Embora as motos representassem apenas cerca de 22,5% dos veículos em circulação no país em 2023, as colisões, quedas e atropelamentos envolvendo esses veículos causaram 38,6% das mortes no trânsito naquele ano.

Essa mortalidade é ainda mais presente nos estados em que a moto já superou o automóvel. No Piauí, por exemplo, onde elas já passam dos 50%, os sinistros com motos representam quase 70% das mortes no trânsito.

A fiscalização do cumprimento das regras de segurança está entre as principais ações para evitar os danos imediatos (Karol Silva-IMMU)

Respostas imediatas

Ao mesmo tempo, em que é preciso incentivar o transporte público e enfrentar as desigualdades que aceleram o crescimento do uso de moto, os danos imediatos ligados à sua disseminação podem ser reduzidos por medidas de curto prazo. A fiscalização do cumprimento das regras de segurança está entre as principais, explica o especialista Victor Pavarino.

O leque de medidas sugeridas pela Opas, com evidências já observadas, inclui também a obrigatoriedade do uso de luzes de circulação diurna, a garantia de pavimentos de qualidade nas vias, o uso de roupas refletoras de luz, as inspeções periódicas nos veículos e a redução dos limites de velocidade nas cidades.

Nesse cenário, o transporte de passageiros por motociclistas de aplicativos requer regulamentação não apenas na questão das regras de trânsito, mas nos aspectos de saúde do trabalhador, defende Pavarino.

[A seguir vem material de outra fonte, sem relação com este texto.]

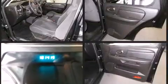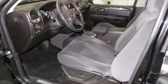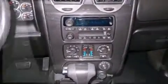4-wheel drive allows you to go places you've only imagined. Top features include front fog lights, front and rear reading lights, a leather steering wheel, a trailer hitch, rear wipers and remote keyless entry.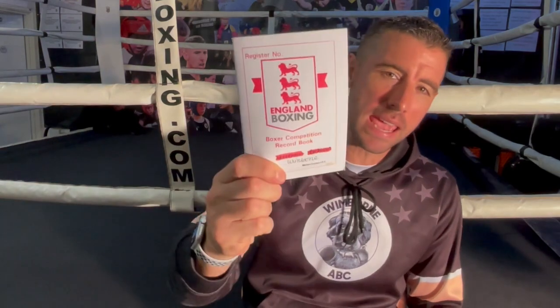Hey team, I'm Dave. Welcome back to the channel. In today's video we are going to break down what it means to become a carded boxer and the process for you if you want to become a carded boxer too. So let's jump into the video.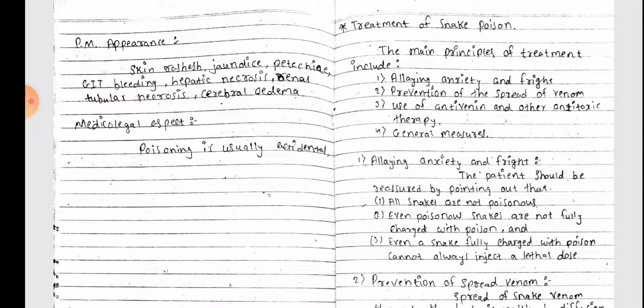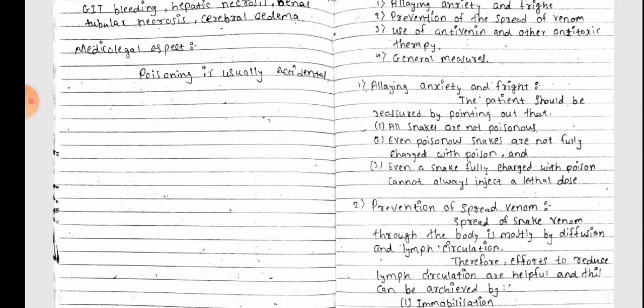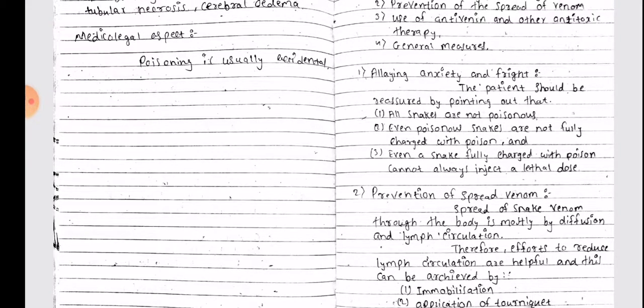The main principles of treatment include allaying anxiety and fright, prevention of the spread of venom, use of antivenin and other antitoxic therapy, and general measures. For allaying anxiety and fright, the patient should be reassured by pointing out that all snakes are not poisonous, even poisonous snakes are not fully charged with poison, and even a snake fully charged with poison cannot always inject a lethal dose.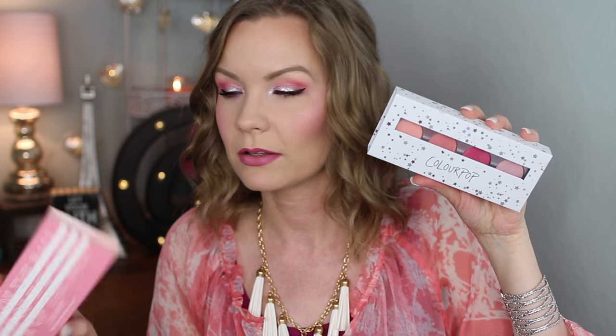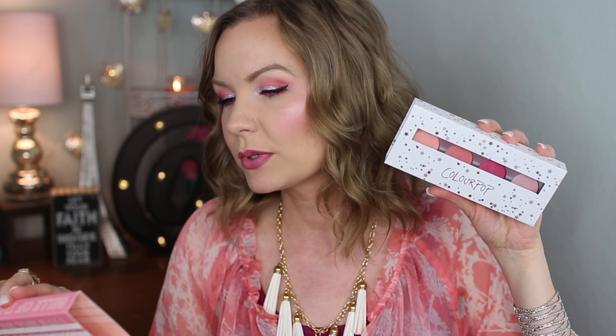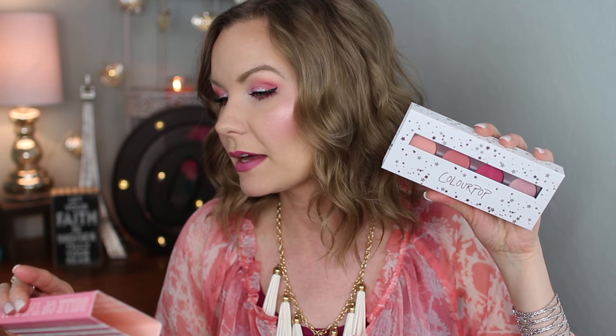So this is the eyeshadow palette — the ColourPop pressed powder palette in Belle of the Ball. That's the outside sleeve and this is what the actual palette looks like. It comes with Secrets, which is a matte; Softcore, which is a matte; Fair Play, which is a matte; and On the Fence, which is a metallic. I have all four of these on my eyes today.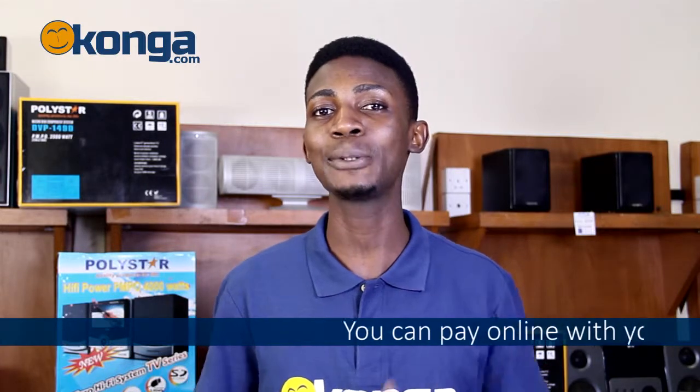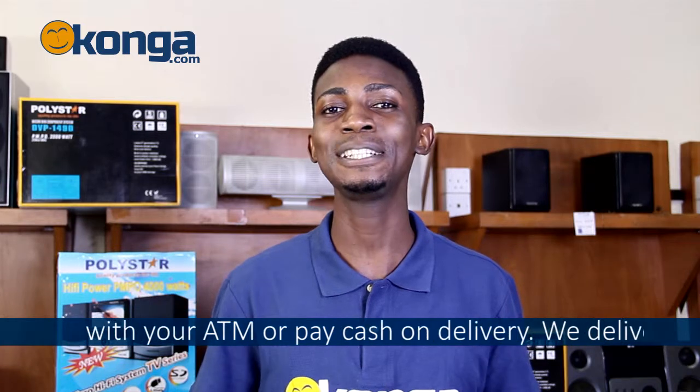Now you can always get this amazing freezer by going on to Conga.com where you can shop online with your ATM card, or you can just pay cash on delivery — we deliver nationwide.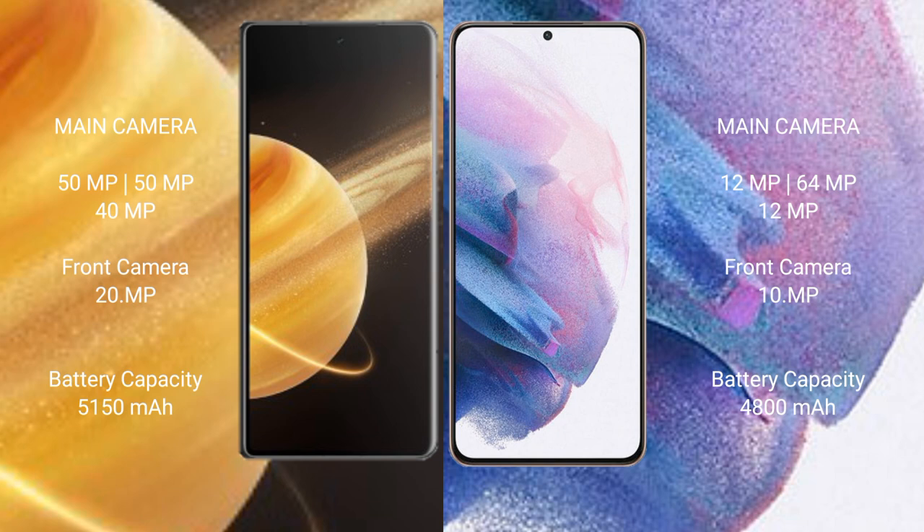The Honor Magic V3 has a 5150mAh battery with 66W fast charging support. The Samsung Galaxy S21 Plus has a 4825mAh battery with 25W fast charging support.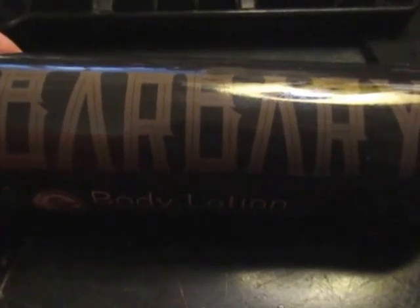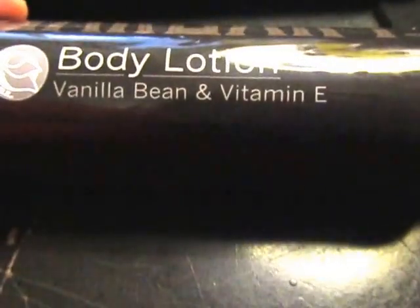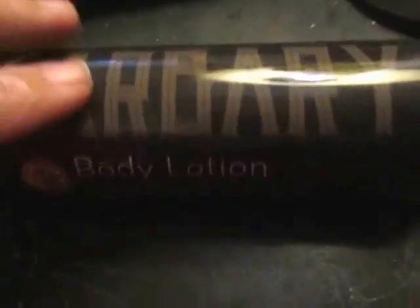Hey everybody, I want to show you this bottle of lotion that I was recently sent to review. This is from the Barbary store on Amazon — you get an 8-ounce bottle for $19.99. It's a body lotion with vanilla bean and vitamin E. When I ordered it I did not notice where it said vanilla bean, because that does not show in the main picture — they only show 'body lotion'. I'll get to why I'm mentioning that in just a minute.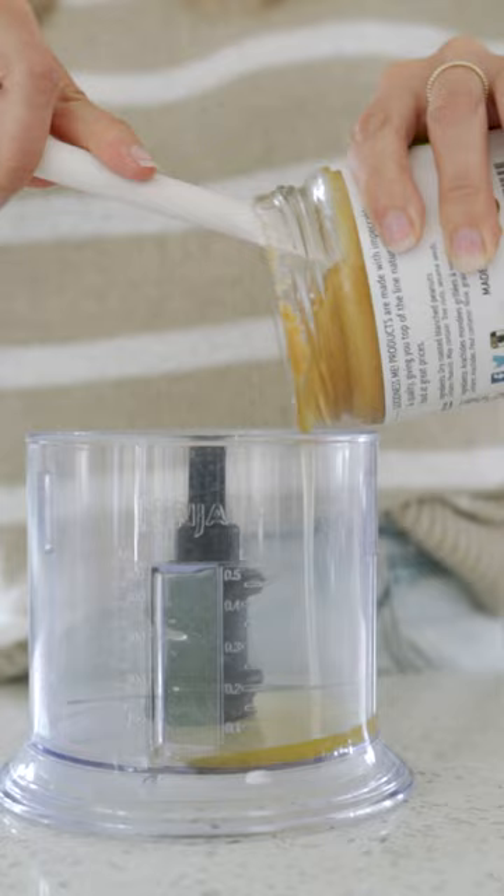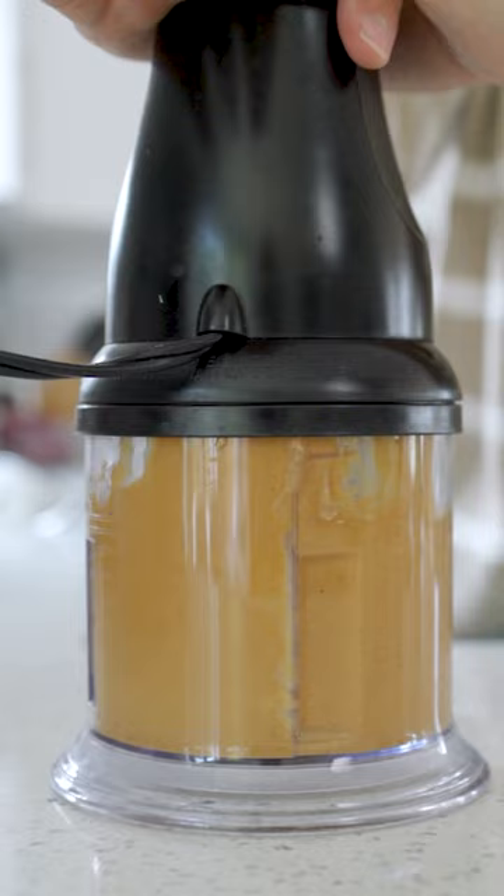Blend your separated nut and seed butters with a small food processor, especially for ones that are really dried out or just are going to take forever to mix back together. This is going to keep them silky smooth in the refrigerator. Buy a pre-cooked chicken to have in the fridge for quick meals.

Além de lidar com o cansaço e o desgaste de tantas horas no trânsito, esses motociclistas também precisam conduzir o veículo, muitas vezes levando passageiros inexperientes.

Epidemia

Assim como o número de motos e o de mortes no trânsito, cresce também o de pessoas atendidas nas emergências do Sistema Único de Saúde (SUS) por conta de colisões, quedas, atropelamentos e outros sinistros sobre duas rodas.

Segundo o ministro da Saúde, Alexandre Padilha, em média, de 70% a 75% das unidades de terapia intensiva adultas, nos serviços de urgência dos hospitais gerais, estão ocupadas por pacientes vítimas do trânsito todo, e a grande maioria dessas pessoas estava usando motos.

O ministro defendeu parcerias com as empresas de aplicativo para haver um esforço de prevenção às infrações de trânsito, como o excesso de velocidade. Além disso, Padilha destacou os estudos realizados pelo governo federal para reduzir os custos para a emissão da Carteira Nacional de Habilitação (CNH). Segundo a Senatran, metade das pessoas donas de motocicletas não tem carteira de habilitação.